Tag: Stardust

New Video: Benin City Returns with a Thumping, House Music-Inspired, Club Banger

Comprised of Joshua Idehen (vocals, spoken word), Shanaz Dorsett (vocals) and multi-instrumentalist Tom Leaper, the London-based trio Benin City have received both national and international attention for a sound that meshes Afro-pop, hip-hop, spoken word and electronica in a seamless, club banging fashion. The trio’s forthcoming sophomore effort Last Night is slated for a April 6, 2018 release through Moshi Moshi Records, and the album reportedly is an ode to London’s nightlife and club scenes with the trio commenting on what their hometown’s nightlife scene has meant to them while expressing anger, frustration and weariness over a rapidly disappearing scene.

For countless people across the world, especially those in a city like New York, the disappearance of beloved clubs, bars and music venues create much larger, universal questions: What does it mean for your town and its culture? What does it mean socioeconomically? With nightlife being both an escape from the soulsucking horrors of the daily grind and a way for weird kids passionate about dance, music, art and fashion to find a supportive loving alternate family, where do these kids go to find that kind of support and love?

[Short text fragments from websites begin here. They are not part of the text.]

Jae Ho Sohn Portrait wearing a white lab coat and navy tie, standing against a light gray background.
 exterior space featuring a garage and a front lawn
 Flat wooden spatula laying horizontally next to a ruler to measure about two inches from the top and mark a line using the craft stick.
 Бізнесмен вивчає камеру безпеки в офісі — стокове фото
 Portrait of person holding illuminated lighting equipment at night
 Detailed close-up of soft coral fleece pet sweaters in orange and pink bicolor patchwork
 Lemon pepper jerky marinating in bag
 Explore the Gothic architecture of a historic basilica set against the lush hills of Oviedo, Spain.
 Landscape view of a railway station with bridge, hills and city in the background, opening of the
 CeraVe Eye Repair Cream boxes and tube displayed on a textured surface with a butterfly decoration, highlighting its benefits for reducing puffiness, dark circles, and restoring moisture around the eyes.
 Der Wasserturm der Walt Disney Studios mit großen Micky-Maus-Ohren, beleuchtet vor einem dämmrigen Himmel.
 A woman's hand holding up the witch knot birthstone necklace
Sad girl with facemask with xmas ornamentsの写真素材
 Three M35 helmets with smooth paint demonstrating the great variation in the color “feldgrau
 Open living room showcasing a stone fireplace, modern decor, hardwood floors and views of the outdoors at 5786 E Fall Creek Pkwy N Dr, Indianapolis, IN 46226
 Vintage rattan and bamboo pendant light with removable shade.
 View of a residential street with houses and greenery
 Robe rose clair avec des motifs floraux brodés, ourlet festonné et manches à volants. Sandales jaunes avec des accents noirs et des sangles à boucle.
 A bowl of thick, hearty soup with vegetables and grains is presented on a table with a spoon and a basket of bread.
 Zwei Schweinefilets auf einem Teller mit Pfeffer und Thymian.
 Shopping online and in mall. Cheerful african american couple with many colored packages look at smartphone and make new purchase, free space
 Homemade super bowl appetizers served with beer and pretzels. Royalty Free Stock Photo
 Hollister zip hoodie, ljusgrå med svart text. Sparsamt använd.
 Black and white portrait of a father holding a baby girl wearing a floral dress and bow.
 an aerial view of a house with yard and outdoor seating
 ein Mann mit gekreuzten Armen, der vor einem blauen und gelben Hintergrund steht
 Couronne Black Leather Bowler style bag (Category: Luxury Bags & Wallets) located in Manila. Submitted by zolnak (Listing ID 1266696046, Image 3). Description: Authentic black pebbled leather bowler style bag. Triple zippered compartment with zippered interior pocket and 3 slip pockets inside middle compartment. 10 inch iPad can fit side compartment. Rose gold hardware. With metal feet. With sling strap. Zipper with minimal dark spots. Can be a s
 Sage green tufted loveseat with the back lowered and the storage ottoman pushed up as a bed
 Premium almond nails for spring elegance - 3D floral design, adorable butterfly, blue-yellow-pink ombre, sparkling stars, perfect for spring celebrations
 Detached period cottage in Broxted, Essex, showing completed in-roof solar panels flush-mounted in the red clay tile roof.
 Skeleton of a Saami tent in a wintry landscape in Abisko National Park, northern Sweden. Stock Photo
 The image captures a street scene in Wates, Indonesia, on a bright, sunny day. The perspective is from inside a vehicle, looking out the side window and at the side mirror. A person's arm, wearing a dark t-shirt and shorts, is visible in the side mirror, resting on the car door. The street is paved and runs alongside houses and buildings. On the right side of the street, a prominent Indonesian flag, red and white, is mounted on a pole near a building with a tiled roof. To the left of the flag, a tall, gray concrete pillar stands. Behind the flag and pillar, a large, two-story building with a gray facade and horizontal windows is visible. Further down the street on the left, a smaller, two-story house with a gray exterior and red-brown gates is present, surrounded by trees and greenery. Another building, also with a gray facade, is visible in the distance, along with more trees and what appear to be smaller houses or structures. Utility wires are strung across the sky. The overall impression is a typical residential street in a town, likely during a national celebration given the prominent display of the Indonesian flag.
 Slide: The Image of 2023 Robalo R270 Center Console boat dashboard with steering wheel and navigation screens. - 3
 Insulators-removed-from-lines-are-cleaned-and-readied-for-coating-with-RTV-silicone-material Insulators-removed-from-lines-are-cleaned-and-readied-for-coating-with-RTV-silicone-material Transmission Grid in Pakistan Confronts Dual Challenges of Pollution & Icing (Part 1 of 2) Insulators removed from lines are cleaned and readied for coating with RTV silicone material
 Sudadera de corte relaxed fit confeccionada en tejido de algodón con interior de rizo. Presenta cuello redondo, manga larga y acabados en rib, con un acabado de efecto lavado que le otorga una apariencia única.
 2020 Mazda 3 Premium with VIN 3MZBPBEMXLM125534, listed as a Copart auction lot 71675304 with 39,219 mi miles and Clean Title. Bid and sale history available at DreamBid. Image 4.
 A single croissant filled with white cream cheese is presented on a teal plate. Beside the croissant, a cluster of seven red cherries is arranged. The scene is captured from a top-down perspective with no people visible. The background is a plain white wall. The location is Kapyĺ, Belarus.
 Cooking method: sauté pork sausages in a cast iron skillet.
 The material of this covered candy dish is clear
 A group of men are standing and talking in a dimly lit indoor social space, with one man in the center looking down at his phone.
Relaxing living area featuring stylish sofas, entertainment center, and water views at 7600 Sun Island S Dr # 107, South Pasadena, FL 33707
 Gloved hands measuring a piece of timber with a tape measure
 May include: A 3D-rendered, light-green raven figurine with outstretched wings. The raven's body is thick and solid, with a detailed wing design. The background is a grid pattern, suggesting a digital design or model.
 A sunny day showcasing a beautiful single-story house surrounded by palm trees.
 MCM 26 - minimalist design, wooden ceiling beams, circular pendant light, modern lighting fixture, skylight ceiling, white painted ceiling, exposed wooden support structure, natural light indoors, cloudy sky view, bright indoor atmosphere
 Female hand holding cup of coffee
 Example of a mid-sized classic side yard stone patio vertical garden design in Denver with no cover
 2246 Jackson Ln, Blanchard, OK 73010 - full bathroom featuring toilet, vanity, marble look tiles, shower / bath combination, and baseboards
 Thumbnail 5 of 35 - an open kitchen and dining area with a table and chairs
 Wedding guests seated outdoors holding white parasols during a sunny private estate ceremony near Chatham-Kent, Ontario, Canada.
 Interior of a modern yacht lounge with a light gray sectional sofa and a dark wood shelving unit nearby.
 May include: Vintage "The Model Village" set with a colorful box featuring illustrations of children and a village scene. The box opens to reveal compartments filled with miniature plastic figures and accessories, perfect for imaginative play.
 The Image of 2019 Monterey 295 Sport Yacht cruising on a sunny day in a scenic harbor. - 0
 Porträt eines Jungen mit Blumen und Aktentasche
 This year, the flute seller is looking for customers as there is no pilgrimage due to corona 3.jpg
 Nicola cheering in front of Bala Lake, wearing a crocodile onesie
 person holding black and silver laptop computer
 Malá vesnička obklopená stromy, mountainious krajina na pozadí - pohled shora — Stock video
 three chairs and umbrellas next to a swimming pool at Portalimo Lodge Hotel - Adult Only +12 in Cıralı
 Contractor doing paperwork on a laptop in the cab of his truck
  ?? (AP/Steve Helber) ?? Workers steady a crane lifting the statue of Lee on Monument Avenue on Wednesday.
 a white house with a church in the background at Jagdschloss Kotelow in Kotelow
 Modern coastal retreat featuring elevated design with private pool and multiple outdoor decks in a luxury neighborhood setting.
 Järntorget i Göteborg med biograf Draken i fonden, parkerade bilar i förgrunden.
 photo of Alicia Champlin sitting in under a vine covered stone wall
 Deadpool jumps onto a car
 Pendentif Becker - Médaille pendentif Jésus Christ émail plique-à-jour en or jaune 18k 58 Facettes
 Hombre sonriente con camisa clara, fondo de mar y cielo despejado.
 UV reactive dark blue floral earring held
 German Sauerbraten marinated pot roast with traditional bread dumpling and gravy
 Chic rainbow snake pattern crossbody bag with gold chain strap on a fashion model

What happens to them if they never find the support and love they needed? Where do they find a sense of belonging and purpose? And if they have found all of that in a beloved club or bar, what happens when that spot closes?

Interestingly, each individual member of Benin City has spent the past decade in London’s nightlife scene in a variety of roles including artists, ravers, bartenders, bouncers, bar backs, scenesters, drinkers, partiers and weekend warriors, and as a result the album’s material emphasizes a deep, inconsolable sense of loss. As the trio’s Joshua Idehen explains, “London nightlife has been our way out, our release, our daily escape. We’ve been clubbers, barmen, part / full-time drinkers. We’ve served cocktails and downed shots. We’ve found ourselves on dancefloors and lost our dinners on nightbusses. We’ve laughed, we’ve cried, we’ve engaged in dumb drunken squabbles and we’ve found ourselves in strangers’ houses. We’ve danced to songs we didn’t know the name of. We made landmarks out of hidden corners of London: Passing Clouds, Ghetto, Trash Palace, Plastic People, Vibe Bar, Cable, Crucifix Lane. Those places, and the stories they held are gone for good as London becomes pricier and ever more grey. On this album are some of those stories: this is an ode to London’s nightlife.”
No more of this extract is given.